No sabemos qué mira -es ciego, quizá- pero si nos asomamos en sus ojos, al cabo nos miraremos en su mirada. Es un espejo sarcástico de lo que platónicamente podríamos llamar lo mexicano. Es acaso el acertijo insoluble que nos define. Sospecho además que está emparentado con el ajolote, y más con el mito de Xólotl -el doble de Quetzalcóatl-. Sin embargo, no se erige como símbolo. No representa nada ni a nadie. No bautiza. No santifica ni condena. Ignoramos también de qué se alimenta y, si piensa, qué piensa. Quizá ni él mismo sabe si es animal sagrado, objeto decorativo, juguete, pesadilla o pieza de museo.

Y temo que su actitud agresiva no sea tal sino una mueca de asco y asombro ante nuestro mundo. Su odio y su rabia, empero, son auténticos. Y aun: es una encarnación del mal. (De inmediato lo hubiera sabido cualquier teólogo.) En dicha encarnación, y no en su singularidad plástica, radica precisamente su verosimilitud y su fuerza. De ahí que, de modo legítimo, casi siempre tome la forma de un demonio. Es un monstruo epifánico. Pues, más que el bien, al hombre lo define el mal: lo revela. El bien es anodino y frívolo. El mal, en cambio, significa iniciarse en la conciencia de uno mismo: saberse. Sabernos: ésta es nuestra condena y la condición de nuestra libertad, nuestro ser. De este modo, él nos dice. Y nos habla, aunque nadie haya descifrado aún su lenguaje. ¿Quién lo escucha? Tal vez nadie. Está preso en el laberinto de sí mismo y no halla la salida.

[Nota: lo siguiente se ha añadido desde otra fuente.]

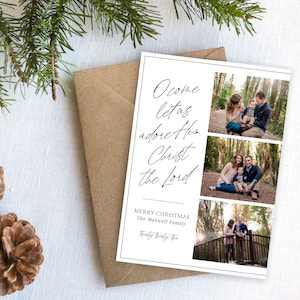 Religious Christmas Card Template | O Come Let Us Adore Him | Christmas Cards Template | Holiday Photo Card Template | Corjl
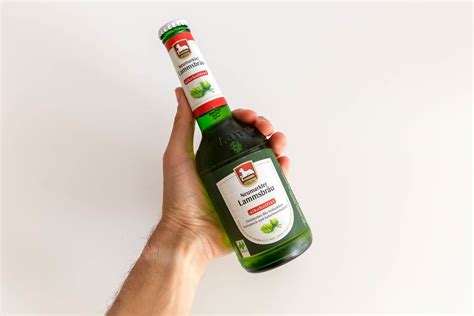 Hand holding a green beer bottle with alcohol-free organic Neumarkter Lammsbräu in front of a ...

¿No seremos nosotros su salida? ¿No será él la puerta de entrada hacia nosotros mismos? Tal vez hemos dialogado siempre, sin saberlo. Tal vez me dicta lo que ahora escribo. Tal vez yo sea él, y él escriba sobre mí en primera persona. Todo es posible dentro de su área gravitacional. Es ilimitada su capacidad mimética. Su rostro tiene todos los rostros, incluido el nuestro. Y esta certeza nos asalta ya cuando, por vez primera, lo miramos y de súbito pareciera que nos miramos en un espejo sarcástico. Entonces brota el estupor: ¿en qué lado estoy, en este o en el suyo? Él nos sonríe con fauces apocalípticas. Nos deja sin palabras. Su postura de asalto nos intimida. Siempre a punto de saltar. Pero ¿desde dónde salta un alebrije? ¿Hacia dónde? ¿Qué es un alebrije?



Felipe Vázquez (Teotihuacan, México, 1966) realizó estudios de Lengua y Literaturas Hispánicas en la Universidad Nacional Autónoma de México. Obtuvo el Premio Nacional de Poesía Miguel N. Lira en 1991, el Premio Nacional de Poesía Gilberto Owen en 1999 y el Premio Nacional de Ensayo Literario José Revueltas en 2002. Publicó dos libros de poesía: Tokonoma (1997) y Signo a-signo (2001); uno de aforismos: De apocrypha ratio (1997); uno de ficciones: Vitrina del anticuario (1998); y dos de crítica literaria: Archipiélago de signos. Ensayos de literatura mexicana (1999) y Juan José Arreola: la tragedia de lo imposible (2003).